# Your task
A faithful copy of all the data is required; pictures should not be included.

Pictures with short captions
####################

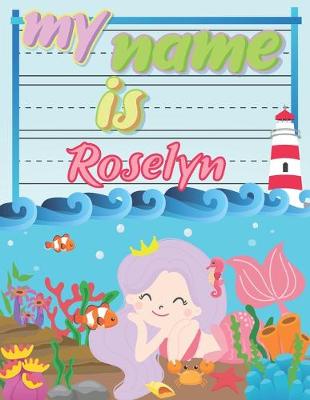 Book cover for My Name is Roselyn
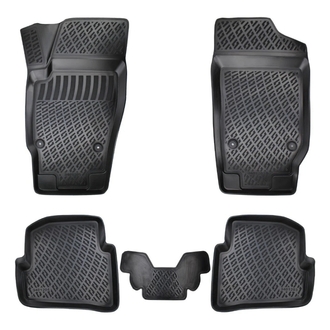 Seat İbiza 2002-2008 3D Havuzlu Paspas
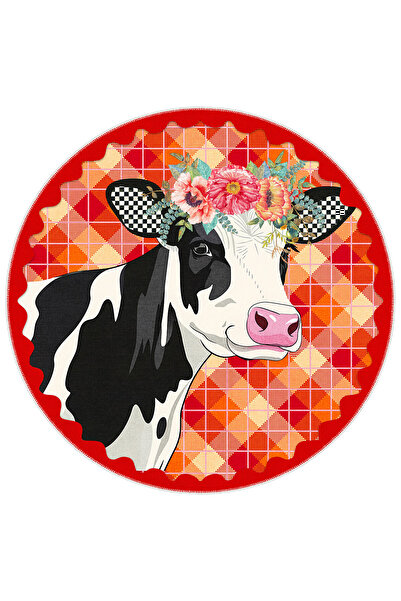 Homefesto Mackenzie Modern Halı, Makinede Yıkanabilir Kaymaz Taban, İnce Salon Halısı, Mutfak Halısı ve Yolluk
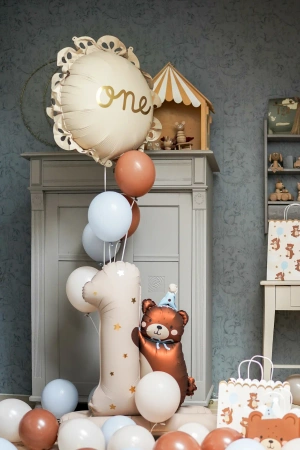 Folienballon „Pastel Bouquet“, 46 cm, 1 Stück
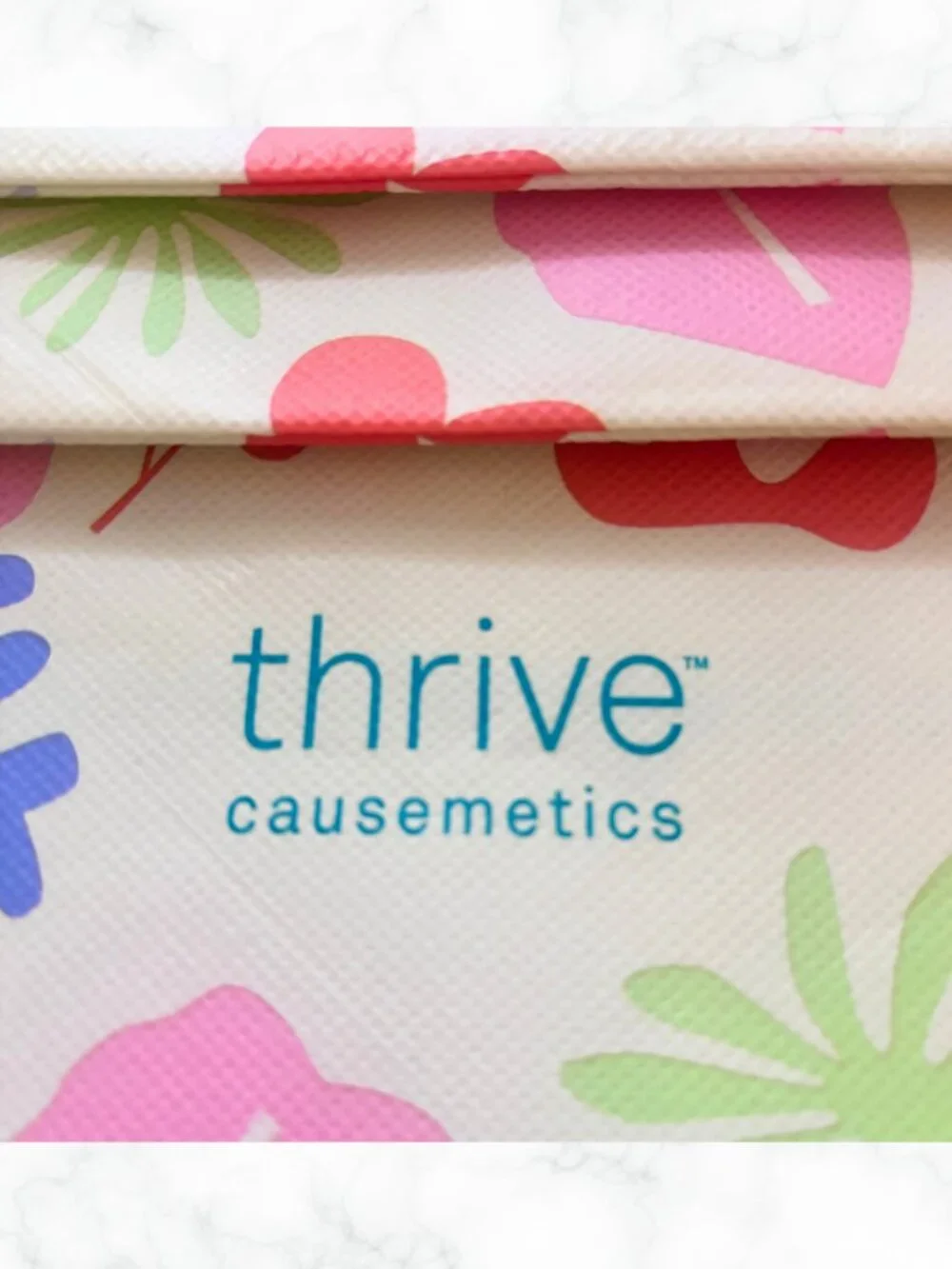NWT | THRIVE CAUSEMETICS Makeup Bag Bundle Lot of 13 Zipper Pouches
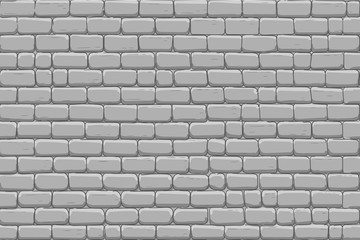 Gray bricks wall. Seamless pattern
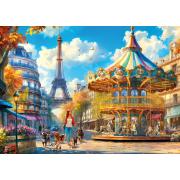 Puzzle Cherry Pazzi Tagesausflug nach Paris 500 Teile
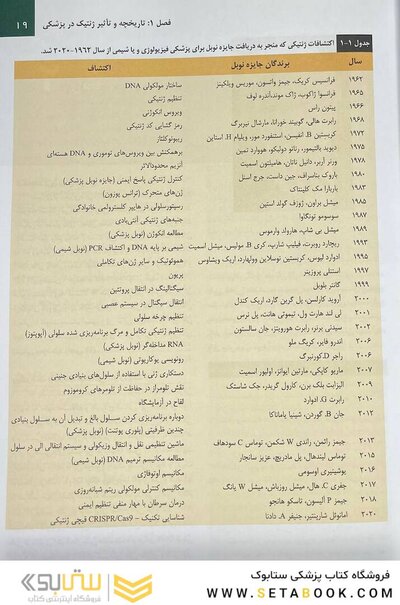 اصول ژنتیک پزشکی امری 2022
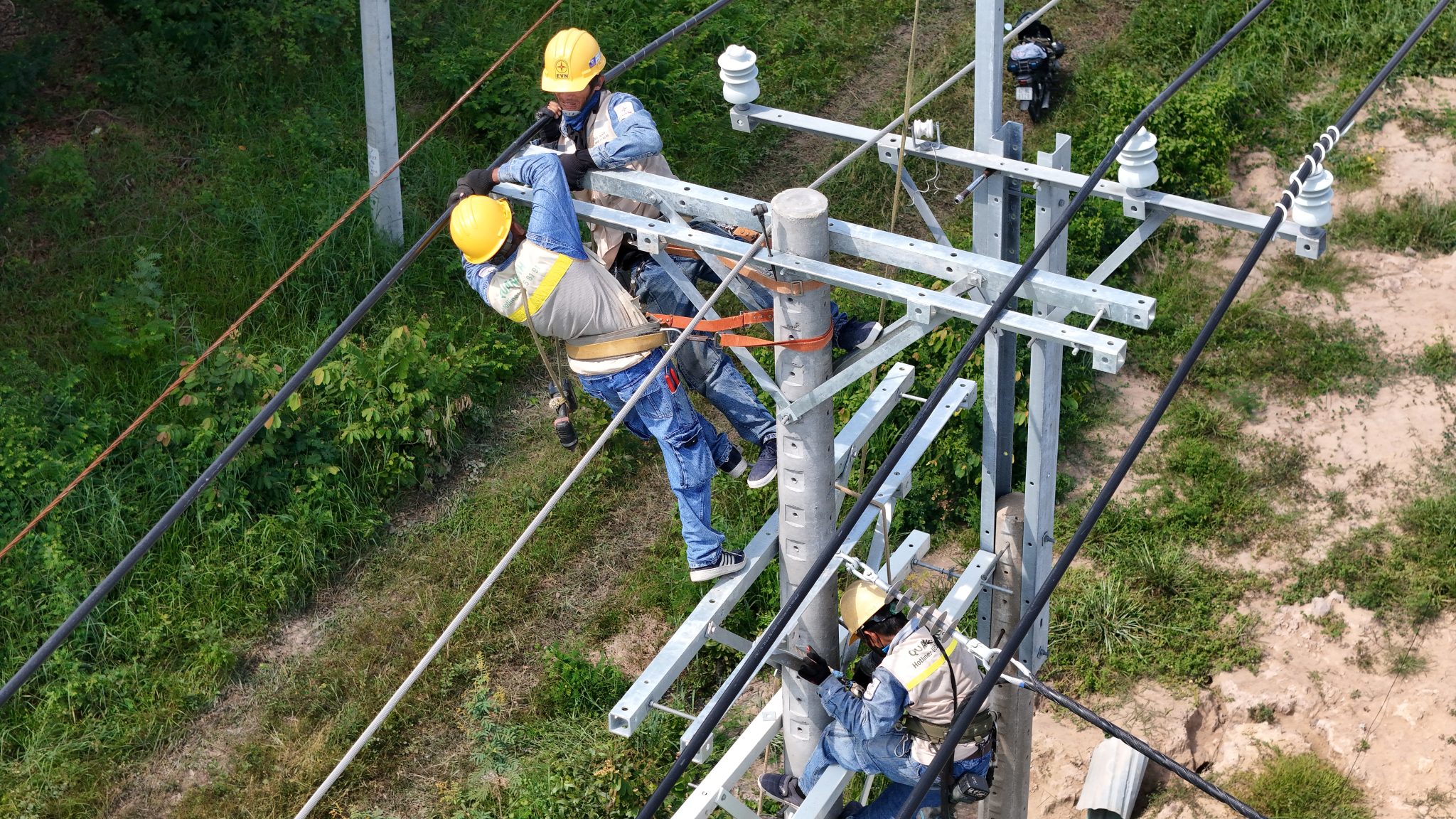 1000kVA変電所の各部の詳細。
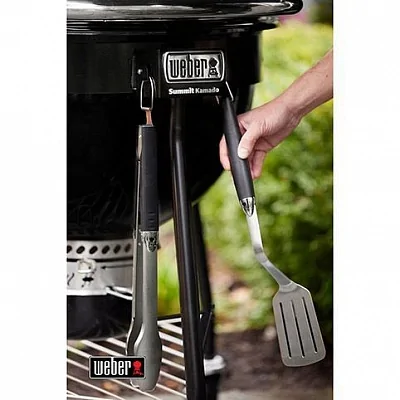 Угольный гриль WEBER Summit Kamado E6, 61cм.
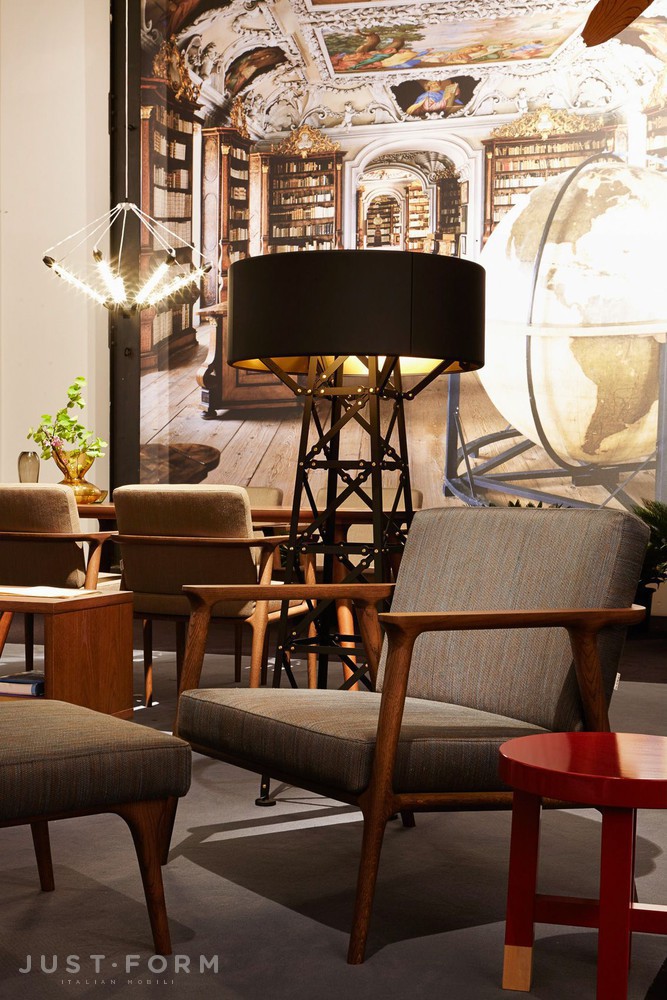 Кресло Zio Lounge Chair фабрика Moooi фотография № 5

####################

# Answer for the task
 Book cover for My Name is Roselyn
 Seat İbiza 2002-2008 3D Havuzlu Paspas
 Homefesto Mackenzie Modern Halı, Makinede Yıkanabilir Kaymaz Taban, İnce Salon Halısı, Mutfak Halısı ve Yolluk
 Folienballon „Pastel Bouquet“, 46 cm, 1 Stück
NWT | THRIVE CAUSEMETICS Makeup Bag Bundle Lot of 13 Zipper Pouches
 Gray bricks wall. Seamless pattern
 Puzzle Cherry Pazzi Tagesausflug nach Paris 500 Teile
 اصول ژنتیک پزشکی امری 2022
 1000kVA変電所の各部の詳細。
 Угольный гриль WEBER Summit Kamado E6, 61cм.
 Кресло Zio Lounge Chair фабрика Moooi фотография № 5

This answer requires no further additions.